Let \(\ell_{0}\) be the subset of \(\ell^{2}\) consisting of sequences with only finutely many terms different from zero. Show that \(\ell_{0}\) is a vector subspace of \(\ell^{2}\), but that it is not closed. What is its closure \(\overline{\ell_{0}} ?\)

To prove that a set \(\ell_{0}\) is a subspace of \(\ell^{2}\), it needs to satisfy three properties: i) \(\ell_{0}\) is non-empty. ii) If \(u, v\) are in \(\ell_{0}\), then \(u + v\) is in \(\ell_{0}\). iii) If \(u\) is in \(\ell_{0}\) and \(c\) is any scalar, then \(c \cdot u\) is in \(\ell_{0}\). It's clear that \(\ell_{0}\) is non-empty since it consists of sequences with only finitely many terms different from zero. If \(u, v\) are in \(\ell_{0}\), then \(u + v\) are also in \(\ell_{0}\) because addition of two sequences with finitely many non-zero terms also results in a sequence with finitely many non-zero terms. Also, if \(u\) is in \(\ell_{0}\) and \(c\) is a scalar, then \(c \cdot u\) is in \(\ell_{0}\) since multiplication of a sequence with finitely many non-zero terms by a scalar also results in a sequence with finitely many non-zero terms. Hence, \(\ell_{0}\) satisfies all the properties of a vector subspace.
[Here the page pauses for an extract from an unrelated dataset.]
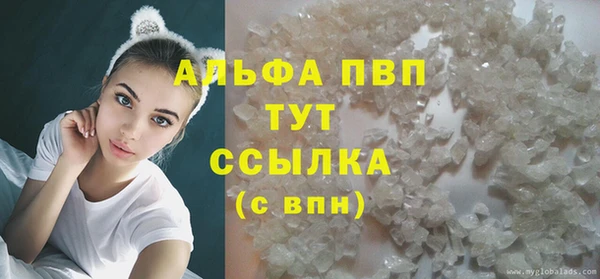 экстази Белоозёрский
A set is called closed if it contains all its limit points. Consider the sequence of sequences \((x^{n})\) where \(x^{n}_{i}=0\) for \(i \neq n\) and \(x^{n}_{n}=1\). Every sequence \((x^{n})\) is clearly in \(\ell_{0}\), but the limit of \((x^{n})\) as \(n\) approaches infinity is the sequence \(y\) where \(y_{i}=0\) for all \(i\), which is not in \(\ell_{0}\). This shows that \(\ell_{0}\) does not contain all its limit points and therefore is not closed.

The closure of \(\ell_{0}\), denoted by \(\overline{\ell_{0}}\), is the smallest closed set that contains \(\ell_{0}\). In this case, \(\overline{\ell_{0}}\) is the entire space \(\ell^{2}\) since every sequence in \(\ell^{2}\) can be approximated by a sequence in \(\ell_{0}\).